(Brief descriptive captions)
--
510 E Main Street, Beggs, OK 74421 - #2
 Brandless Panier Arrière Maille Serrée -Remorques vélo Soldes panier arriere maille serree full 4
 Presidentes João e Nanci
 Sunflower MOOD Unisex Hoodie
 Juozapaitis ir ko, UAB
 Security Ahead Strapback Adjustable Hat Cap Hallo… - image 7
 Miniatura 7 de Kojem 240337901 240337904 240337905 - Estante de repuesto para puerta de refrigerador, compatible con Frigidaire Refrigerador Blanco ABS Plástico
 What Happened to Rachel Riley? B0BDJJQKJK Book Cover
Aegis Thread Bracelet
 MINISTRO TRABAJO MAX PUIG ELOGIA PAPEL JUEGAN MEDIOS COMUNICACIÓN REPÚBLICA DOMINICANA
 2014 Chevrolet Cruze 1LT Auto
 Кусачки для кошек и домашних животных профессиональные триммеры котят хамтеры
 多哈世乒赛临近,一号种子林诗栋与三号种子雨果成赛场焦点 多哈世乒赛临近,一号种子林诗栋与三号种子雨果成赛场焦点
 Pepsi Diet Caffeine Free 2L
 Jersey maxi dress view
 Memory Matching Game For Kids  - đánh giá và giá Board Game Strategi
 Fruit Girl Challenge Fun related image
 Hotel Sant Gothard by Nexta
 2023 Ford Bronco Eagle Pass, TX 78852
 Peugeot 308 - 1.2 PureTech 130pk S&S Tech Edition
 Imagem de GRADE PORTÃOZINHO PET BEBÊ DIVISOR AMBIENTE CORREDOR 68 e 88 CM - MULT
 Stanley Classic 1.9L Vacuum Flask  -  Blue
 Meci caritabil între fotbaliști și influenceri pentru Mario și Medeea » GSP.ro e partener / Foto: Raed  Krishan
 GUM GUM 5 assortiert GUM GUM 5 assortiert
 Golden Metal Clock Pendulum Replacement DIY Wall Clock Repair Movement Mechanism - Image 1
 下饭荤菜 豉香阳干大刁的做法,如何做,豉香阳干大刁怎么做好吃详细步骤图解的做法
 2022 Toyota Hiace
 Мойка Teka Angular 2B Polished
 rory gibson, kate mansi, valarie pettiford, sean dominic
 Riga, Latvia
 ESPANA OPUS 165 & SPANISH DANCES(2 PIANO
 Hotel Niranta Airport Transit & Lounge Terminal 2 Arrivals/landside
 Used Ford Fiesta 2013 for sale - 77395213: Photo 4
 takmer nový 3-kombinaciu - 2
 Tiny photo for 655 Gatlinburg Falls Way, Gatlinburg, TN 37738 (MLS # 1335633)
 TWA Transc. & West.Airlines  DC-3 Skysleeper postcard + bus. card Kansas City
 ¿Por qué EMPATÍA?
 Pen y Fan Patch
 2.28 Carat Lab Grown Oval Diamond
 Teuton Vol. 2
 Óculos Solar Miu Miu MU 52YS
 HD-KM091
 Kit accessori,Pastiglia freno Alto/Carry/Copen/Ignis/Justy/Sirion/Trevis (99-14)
--
* **Exercise**:
The records are to be repeated in full, exactly as they stand.

* **The completed task**:
510 E Main Street, Beggs, OK 74421 - #2
 Brandless Panier Arrière Maille Serrée -Remorques vélo Soldes panier arriere maille serree full 4
 Presidentes João e Nanci
 Sunflower MOOD Unisex Hoodie
 Juozapaitis ir ko, UAB
 Security Ahead Strapback Adjustable Hat Cap Hallo… - image 7
 Miniatura 7 de Kojem 240337901 240337904 240337905 - Estante de repuesto para puerta de refrigerador, compatible con Frigidaire Refrigerador Blanco ABS Plástico
 What Happened to Rachel Riley? B0BDJJQKJK Book Cover
Aegis Thread Bracelet
 MINISTRO TRABAJO MAX PUIG ELOGIA PAPEL JUEGAN MEDIOS COMUNICACIÓN REPÚBLICA DOMINICANA
 2014 Chevrolet Cruze 1LT Auto
 Кусачки для кошек и домашних животных профессиональные триммеры котят хамтеры
 多哈世乒赛临近,一号种子林诗栋与三号种子雨果成赛场焦点 多哈世乒赛临近,一号种子林诗栋与三号种子雨果成赛场焦点
 Pepsi Diet Caffeine Free 2L
 Jersey maxi dress view
 Memory Matching Game For Kids  - đánh giá và giá Board Game Strategi
 Fruit Girl Challenge Fun related image
 Hotel Sant Gothard by Nexta
 2023 Ford Bronco Eagle Pass, TX 78852
 Peugeot 308 - 1.2 PureTech 130pk S&S Tech Edition
 Imagem de GRADE PORTÃOZINHO PET BEBÊ DIVISOR AMBIENTE CORREDOR 68 e 88 CM - MULT
 Stanley Classic 1.9L Vacuum Flask  -  Blue
 Meci caritabil între fotbaliști și influenceri pentru Mario și Medeea » GSP.ro e partener / Foto: Raed  Krishan
 GUM GUM 5 assortiert GUM GUM 5 assortiert
 Golden Metal Clock Pendulum Replacement DIY Wall Clock Repair Movement Mechanism - Image 1
 下饭荤菜 豉香阳干大刁的做法,如何做,豉香阳干大刁怎么做好吃详细步骤图解的做法
 2022 Toyota Hiace
 Мойка Teka Angular 2B Polished
 rory gibson, kate mansi, valarie pettiford, sean dominic
 Riga, Latvia
 ESPANA OPUS 165 & SPANISH DANCES(2 PIANO
 Hotel Niranta Airport Transit & Lounge Terminal 2 Arrivals/landside
 Used Ford Fiesta 2013 for sale - 77395213: Photo 4
 takmer nový 3-kombinaciu - 2
 Tiny photo for 655 Gatlinburg Falls Way, Gatlinburg, TN 37738 (MLS # 1335633)
 TWA Transc. & West.Airlines  DC-3 Skysleeper postcard + bus. card Kansas City
 ¿Por qué EMPATÍA?
 Pen y Fan Patch
 2.28 Carat Lab Grown Oval Diamond
 Teuton Vol. 2
 Óculos Solar Miu Miu MU 52YS
 HD-KM091
 Kit accessori,Pastiglia freno Alto/Carry/Copen/Ignis/Justy/Sirion/Trevis (99-14)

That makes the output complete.